Mi destino de animal duro y solitario

lo pago aquí dentro, en mi cárcel de paredes óseas

Los otros animales, los que corren libres por la estepa

o los que se arrastran en el túnel de la noche

también son prisioneros de algo:

flecha envenenada, esqueleto o instinto.

Al final, sólo la muerte de paredes vidriosas

esperando algún descuido en el follaje

Víctimas del látigo, prisioneros del amor y el desamor, entre la libertad salvaje y la celda doméstica, danzan estos exiliados del arca, marcados con la señal del extravío. Agonía y soledad es su destino, conciencia de estar en los umbrales, en el filo de navajas, marchando hacia el silencio.

El poeta, como un niño, juega con sus animales, los inventa, es uno de ellos, se identifica con su salvaje ternura, con la orfandad; es hermano de sus resplandores y tinieblas. Para estas desarraigadas criaturas, olvidadas bajo la aparente alegría del trópico, prisioneras de miserables circos en ciudades ruinosas, o víctimas de los depredadores que acechan, no hay salida que las salve. Están en el laberinto de una sociedad opresora, devorándose a sí mismas, enfrentadas a un mundo que las expulsa. Son pura contradicción: bellas y terribles, fieras y mansas, solitarias como tantos, solidarias como pocos; libres pero presas del azar, del miedo y la tragedia, poetas “sin un puerto seguro”, sin barco y sin asilo. Lo dicen estos versos:

Hay dos cebras en nada parecidas,

la una, de la pradera, pastando, dando coces, huyendo

a intrépido galope de la astuta leona (…)

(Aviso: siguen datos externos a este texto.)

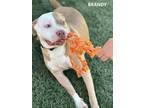 Adopt Brandy a Pit Bull Terrier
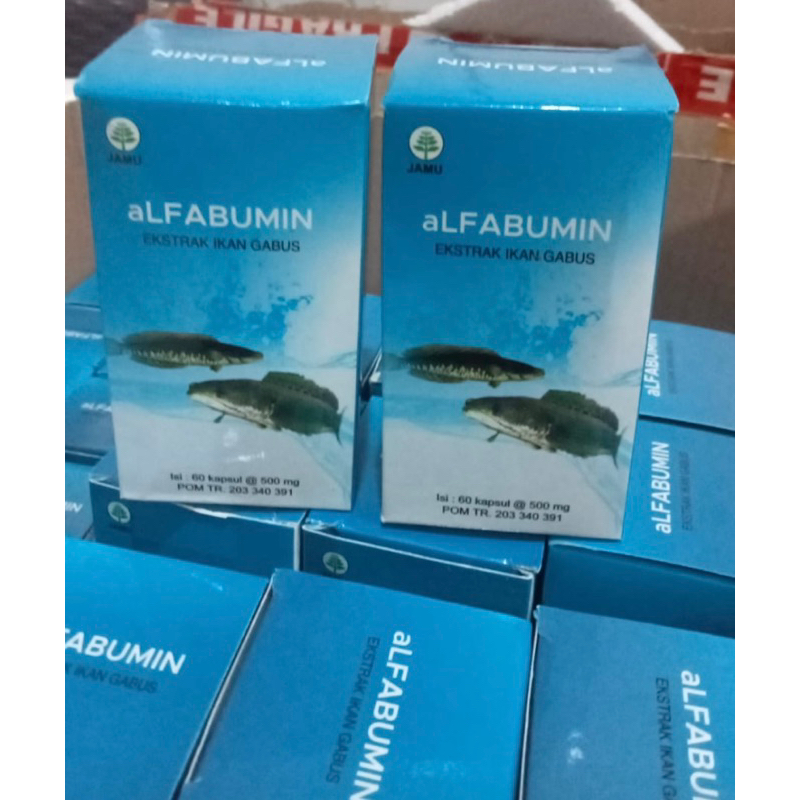 kapsul alfabumin ekstrak ikan gabus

La otra soy yo, prisionera doméstica

viéndome triste en los ojos de los trashumantes.

(Cebra del zoo)

Jorge Eliécer Ordóñez nos ha obsequiado en esta oportunidad un estremecedor libro. Sus poemas dan cuenta de un trabajo meticuloso, disciplinado, que establece con audacia, casi en susurros, esa difícil forma de crear el asombro a través de una palabra que es caricia y puñetazo, dolorosa sentencia. Es un lenguaje luminoso, refulgente, preciso, se diría esencial, el que aquí se establece. Desde su inicio, estos poemas nos invitan a observar cómo soportamos los escombros, el infierno de lo real, la súbita presencia de la desaparecida infancia donde fuimos inmortales.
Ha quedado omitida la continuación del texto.